Arriving this far means there is chemistry and you are enjoying each other’s company.
You are probably contemplating where you should be with this person in terms of a relationship 8 dates in.
Is this a point where the relationship needs to be more defined?
Should you be exclusive to each other?
Should you have met each other’s friends and family by now?
Should you be having sex, if you haven’t already?
These are viable questions.
But, in the end, the dynamics of every courtship is different.
Some courtships move at a break neck pace and get to an exclusive commitment before an 8th date is reached.
Some courtships lead to an introduction to family and friends in way less than 8 dates.
None of that matters in your courtship, as long as you are moving at a natural pace that works well within the dynamics of your relationship.
The communication has been consistent and detail-oriented.

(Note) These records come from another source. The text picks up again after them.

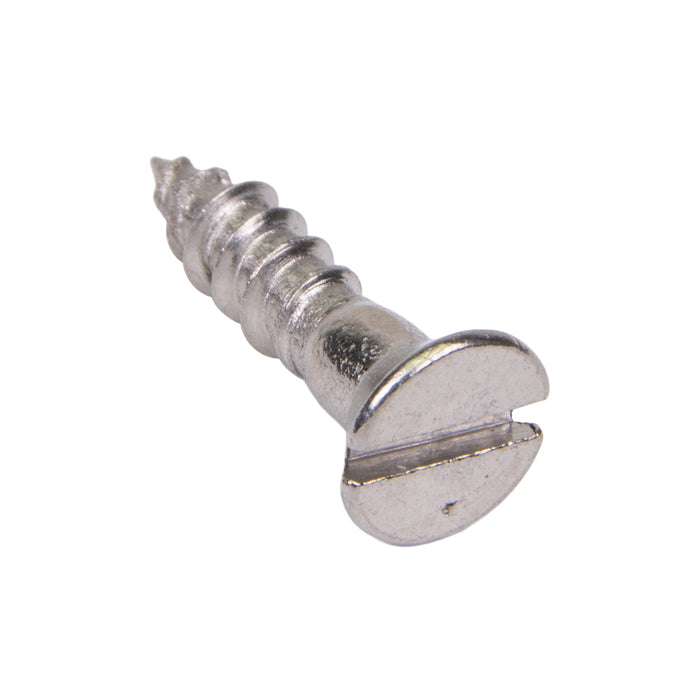 Wood Screw, Flat Head, Slotted, #8 x 1/2" Length, Stainless Steel, ASME/ANSI B18.6.1 by Spaenaur Inc.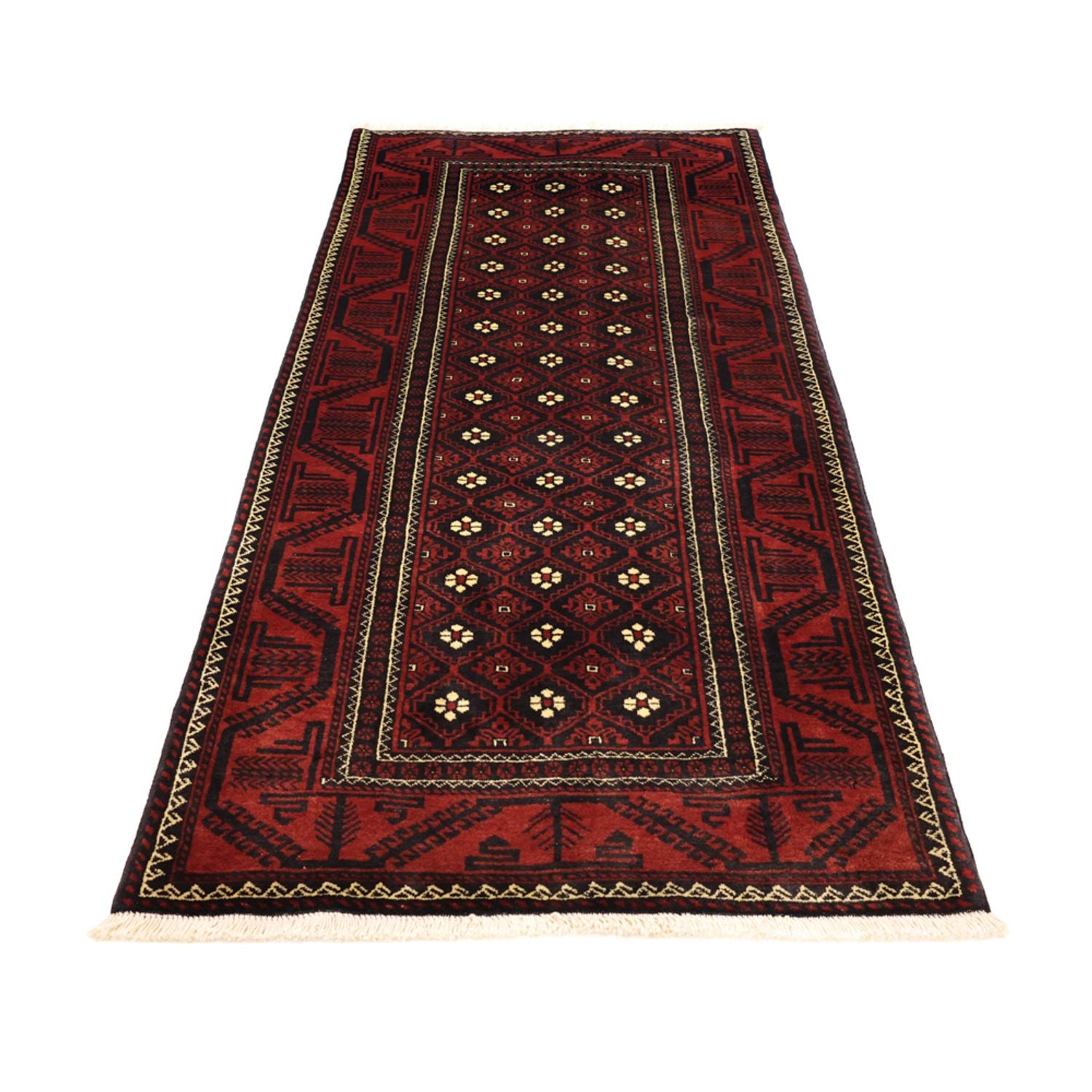 Alfombra de pasillo Alfombra Belutsch - 198 x 103 cm - rojo oscuro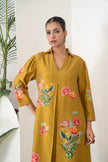 Mustard Silk Chanderi Front Pleat Detailed Colourful Floral Printed Dress (1 PC)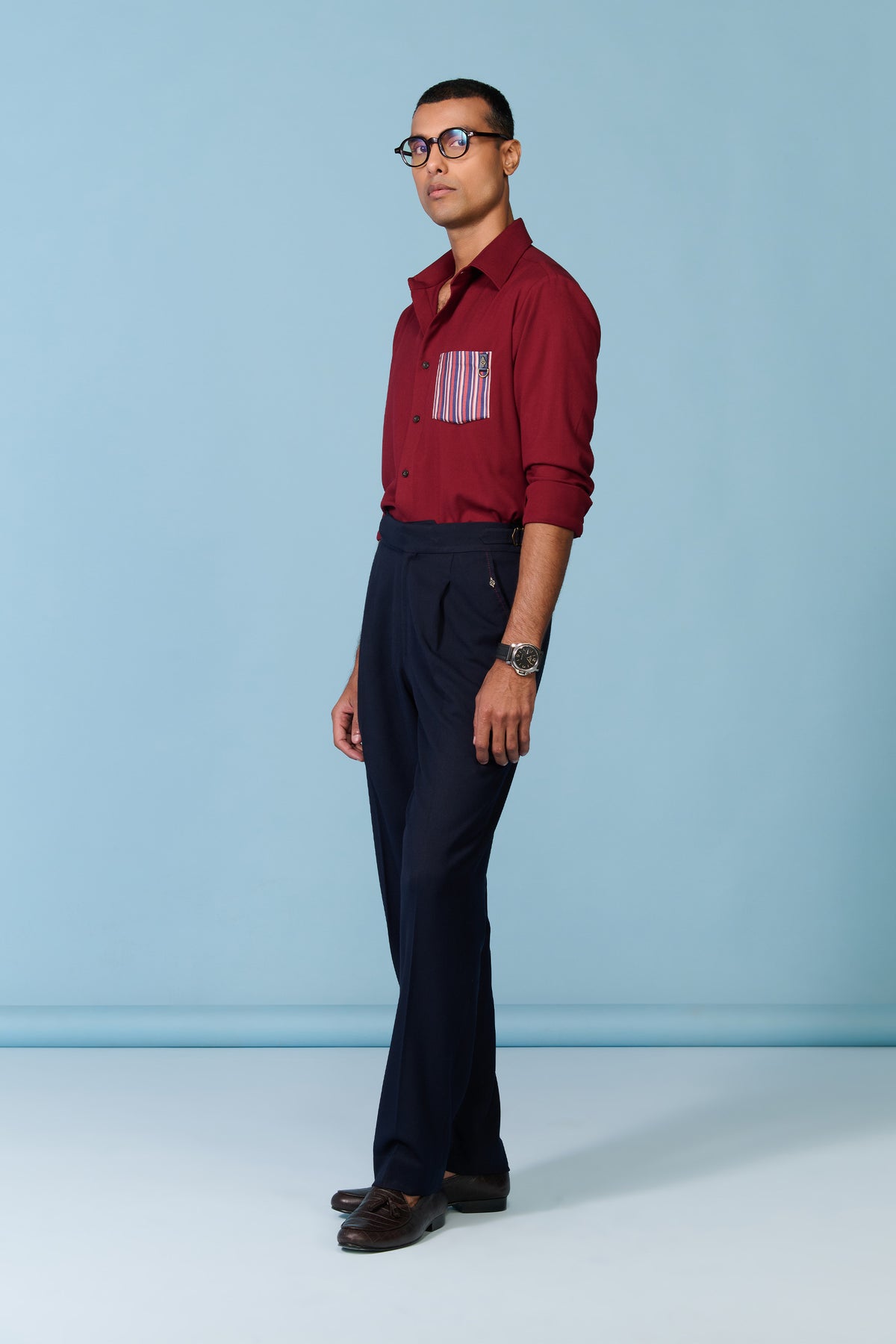 Cherry Shirt with Printed Pocket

The dates have been vibrant.
The body language has been receptive and inviting.
All these point to a healthy courtship.
That being said, it normally takes about 3 to 6 months to fall in love with someone.
Where a courtship that has now lasted 8 dates without commitment gets dangerous is when one party develops feelings much sooner than the other.

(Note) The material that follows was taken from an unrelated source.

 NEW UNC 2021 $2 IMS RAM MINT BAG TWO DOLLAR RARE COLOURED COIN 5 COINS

Assuming that you go on an average of one date a week, 8 dates is the equivalent of 2 months of dating.
This courtship is approaching the 3 month mark soon.
That is exciting in and of itself, but do be aware that either yours or the other person’s feelings are about to get deeper.
You don’t have to develop deeper feelings for each other at the exact same time, but the closer that time is, the better.
Is the person you are with showing signs of a deeper emotional investment?
You know this by how often they talk about the future with you or how much they talk about their loved ones and their excitement to introduce you to them.
This is how you know this person is thinking about the future with you in it and that their feelings are soon to deepen.
Do you do the same with this person?
A solidarity in this behavior means your courtship is headed in the right direction.
Where courtships that have lasted 8 dates without a commitment fail is when one party is developing feelings at a much faster pace than the other.
It reaches a point where the person is so emotionally invested, they force their will in pushing the relationship to commitment at a time the other isn’t prepared to, resulting in a collapse of the relationship.
As long as you get the sense you are on similar emotional trajectories, the excitement you currently feel about getting to an 8th date with this person is only going to get louder, as you enter the 3 to 6 month mark.
This is usually where feelings solidify and an exclusive commitment to each other is made.